ACTIVITY => The reply should hold only the lines from the one with "Used Suzuki Swift" to the one with "image for item", both ends kept, exactly as they appear below, without any pictures.

TASK INPUT =>
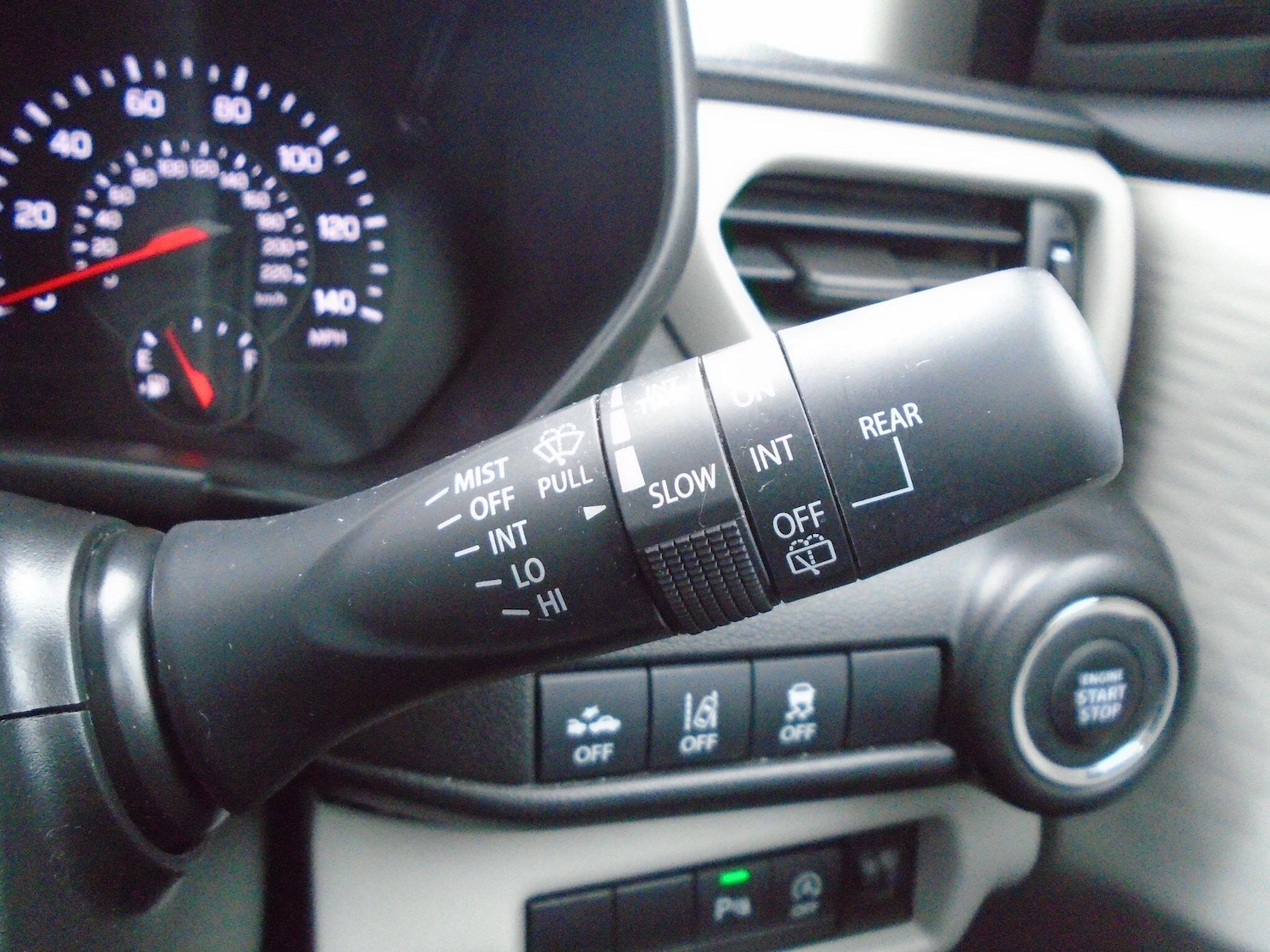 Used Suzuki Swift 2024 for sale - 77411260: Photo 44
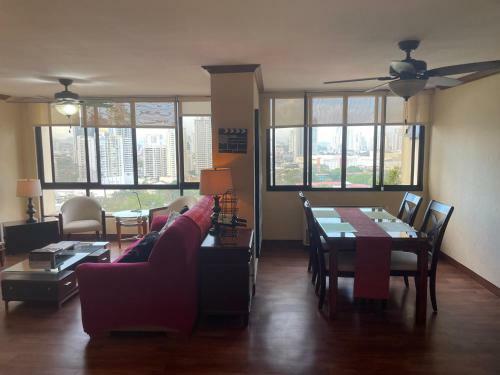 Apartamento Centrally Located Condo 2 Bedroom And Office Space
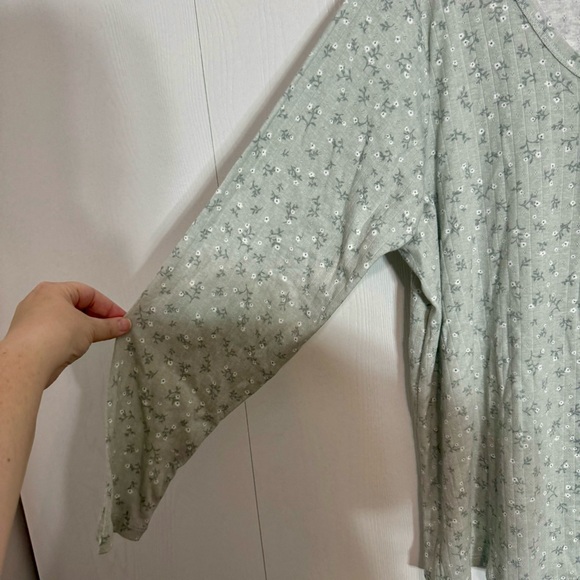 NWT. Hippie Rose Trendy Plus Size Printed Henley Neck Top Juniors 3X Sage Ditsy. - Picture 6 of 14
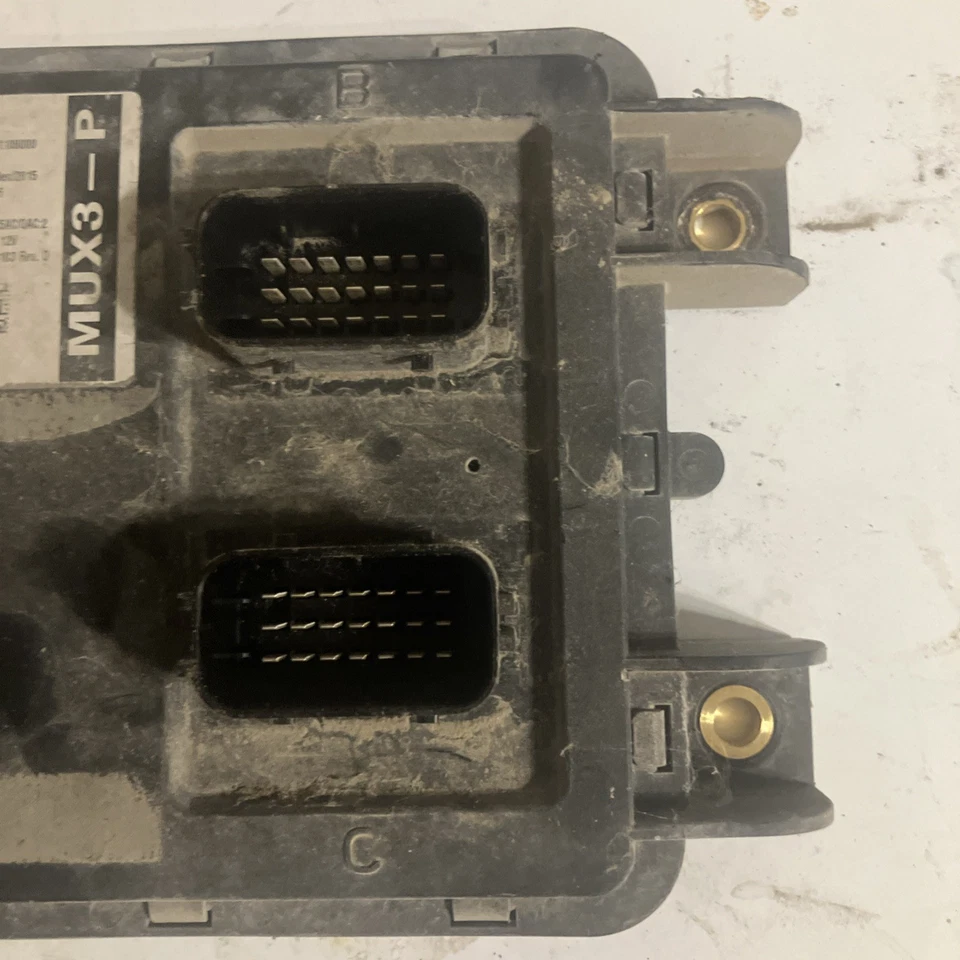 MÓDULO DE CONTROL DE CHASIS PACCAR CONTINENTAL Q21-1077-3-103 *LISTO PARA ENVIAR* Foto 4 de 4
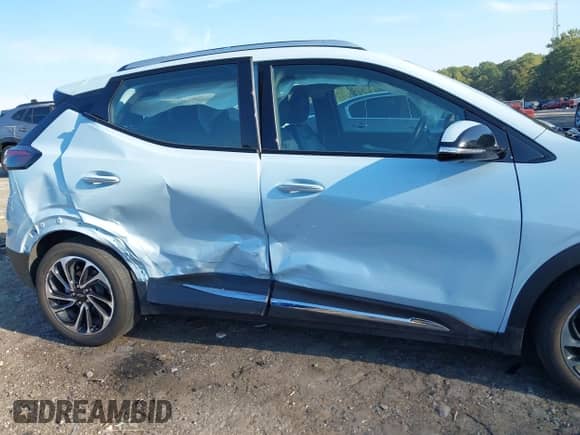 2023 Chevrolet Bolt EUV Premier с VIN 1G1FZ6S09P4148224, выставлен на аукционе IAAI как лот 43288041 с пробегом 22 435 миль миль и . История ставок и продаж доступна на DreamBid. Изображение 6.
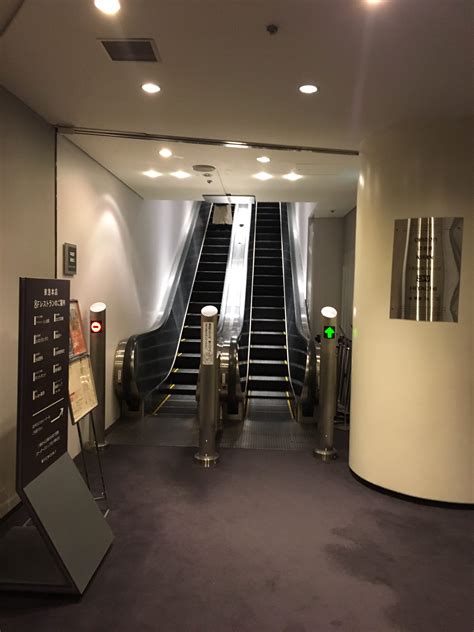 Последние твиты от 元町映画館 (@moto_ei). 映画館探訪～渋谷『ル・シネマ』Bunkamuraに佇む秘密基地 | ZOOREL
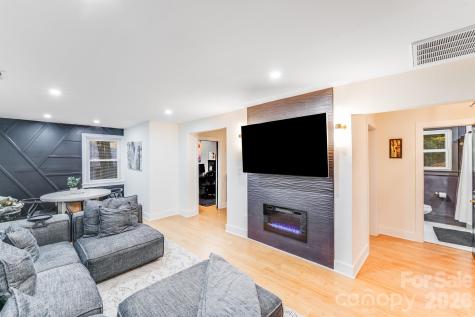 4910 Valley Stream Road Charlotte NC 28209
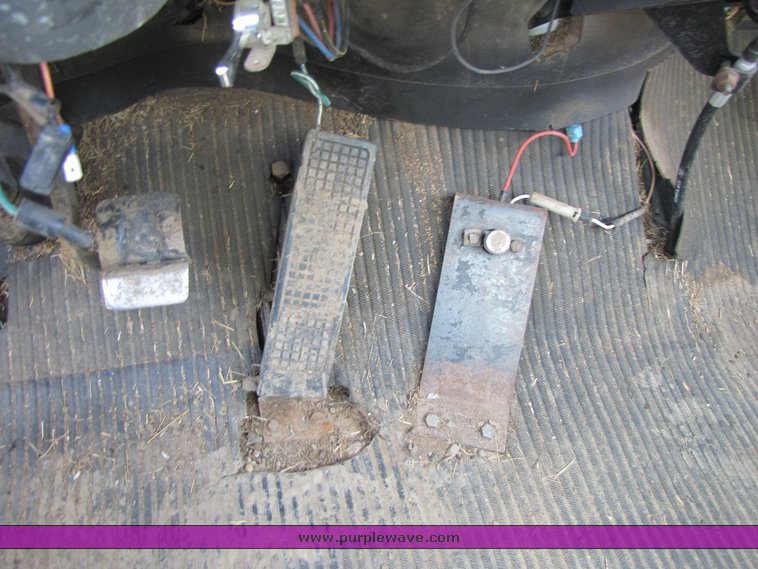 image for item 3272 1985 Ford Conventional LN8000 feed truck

---

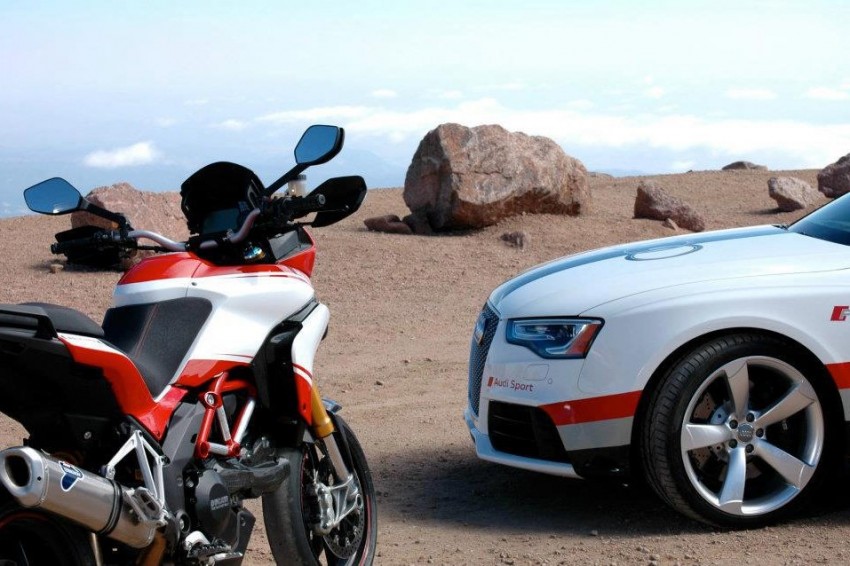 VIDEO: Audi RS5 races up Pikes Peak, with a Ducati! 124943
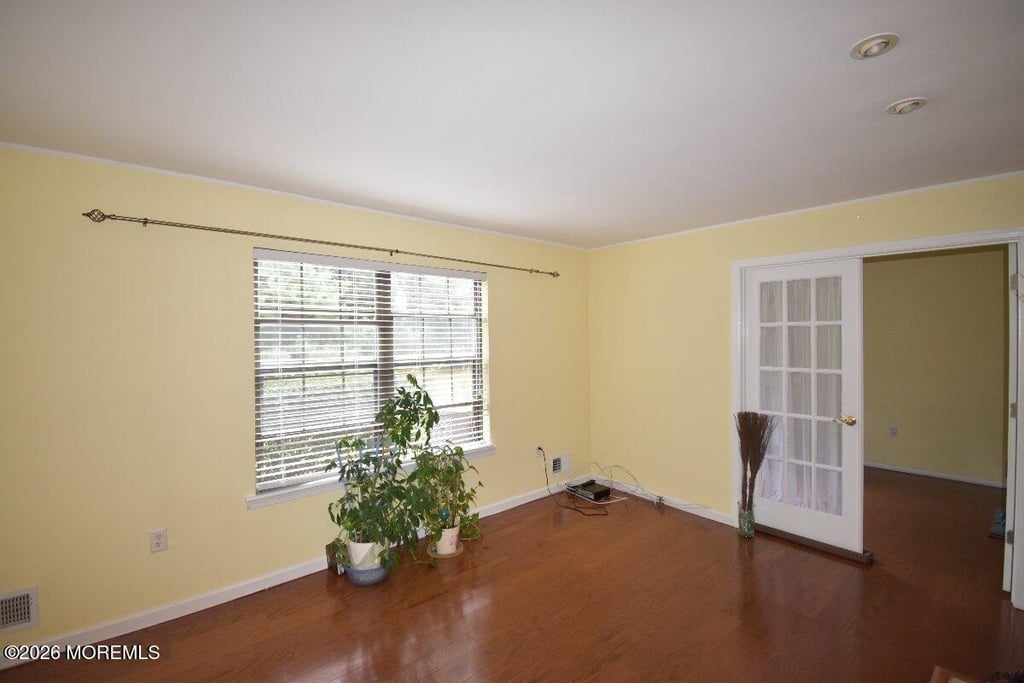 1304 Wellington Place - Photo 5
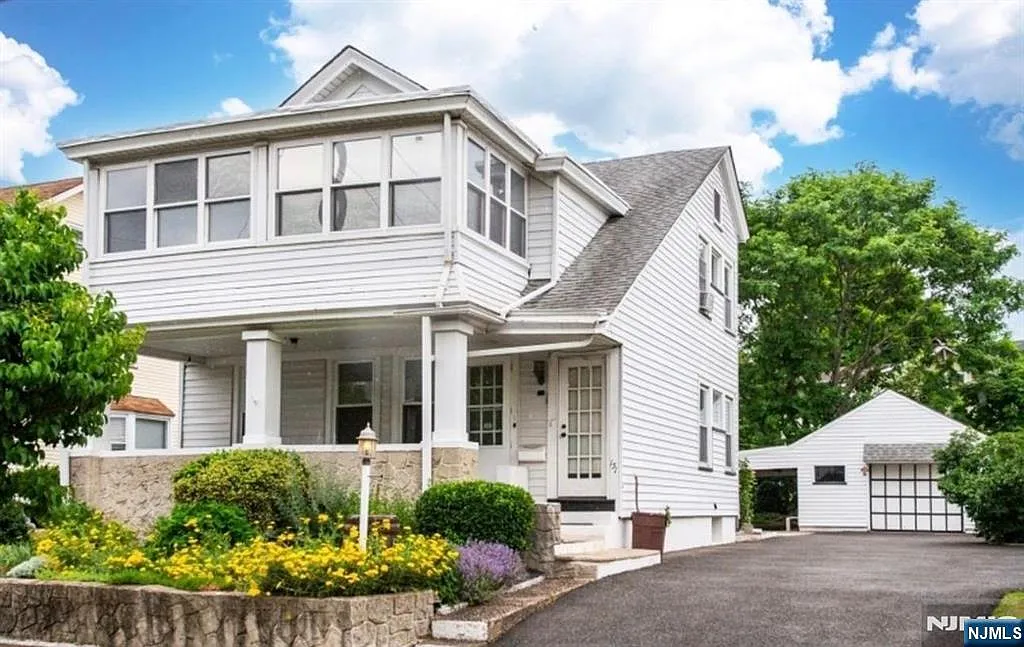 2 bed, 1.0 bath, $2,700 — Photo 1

==

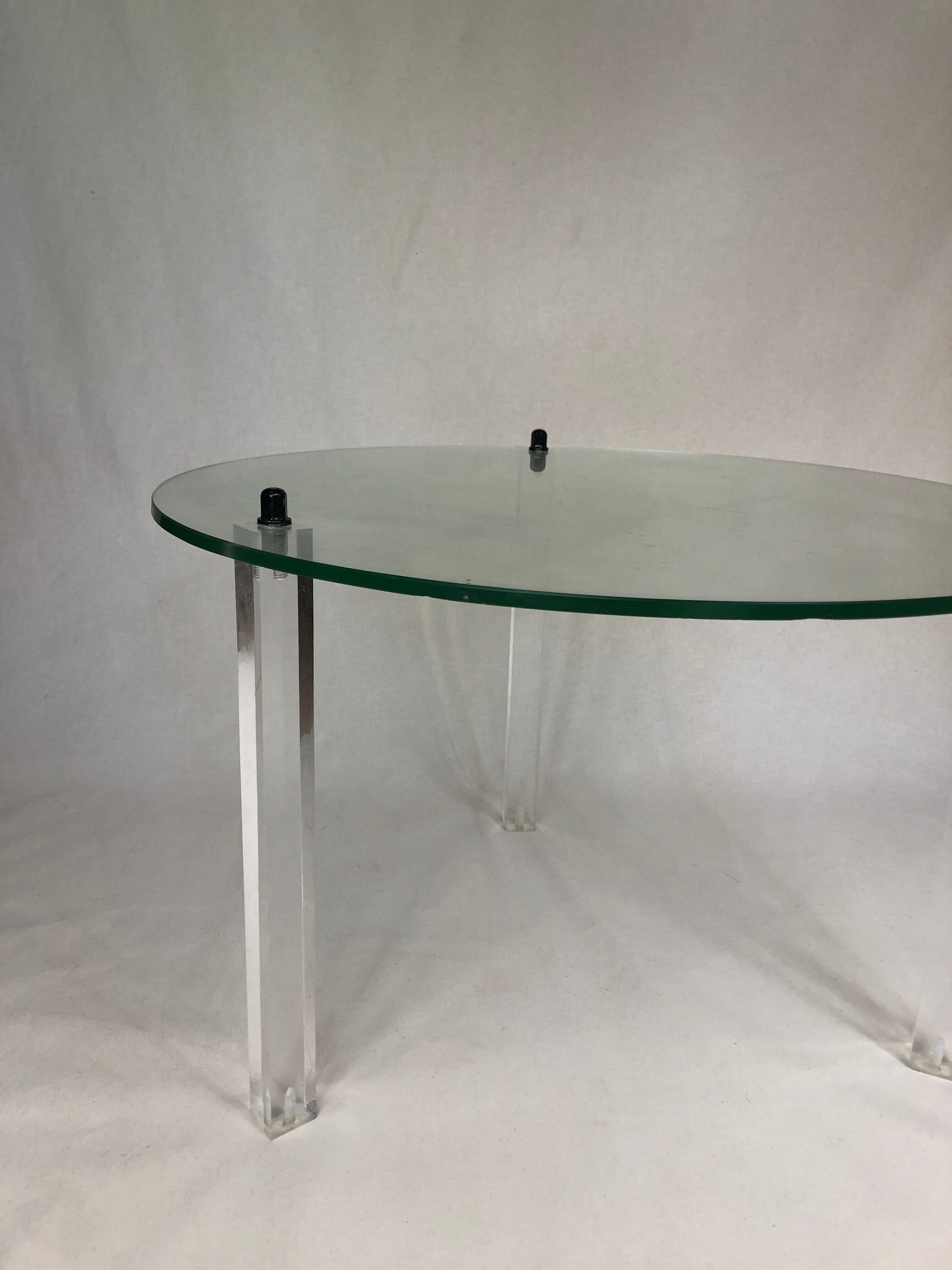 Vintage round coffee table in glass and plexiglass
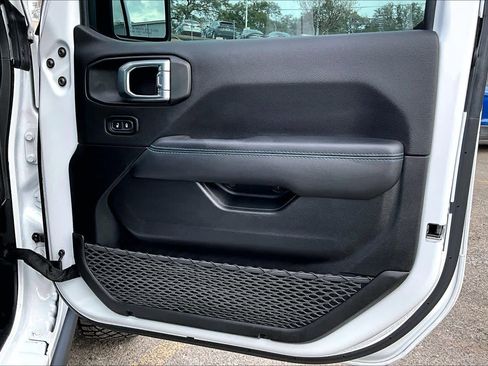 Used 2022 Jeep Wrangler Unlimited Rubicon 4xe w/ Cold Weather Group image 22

TASK RESPONSE =>
 Used Suzuki Swift 2024 for sale - 77411260: Photo 44
 Apartamento Centrally Located Condo 2 Bedroom And Office Space
 NWT. Hippie Rose Trendy Plus Size Printed Henley Neck Top Juniors 3X Sage Ditsy. - Picture 6 of 14
 MÓDULO DE CONTROL DE CHASIS PACCAR CONTINENTAL Q21-1077-3-103 *LISTO PARA ENVIAR* Foto 4 de 4
 2023 Chevrolet Bolt EUV Premier с VIN 1G1FZ6S09P4148224, выставлен на аукционе IAAI как лот 43288041 с пробегом 22 435 миль миль и . История ставок и продаж доступна на DreamBid. Изображение 6.
 Последние твиты от 元町映画館 (@moto_ei). 映画館探訪～渋谷『ル・シネマ』Bunkamuraに佇む秘密基地 | ZOOREL
 4910 Valley Stream Road Charlotte NC 28209
 image for item 3272 1985 Ford Conventional LN8000 feed truck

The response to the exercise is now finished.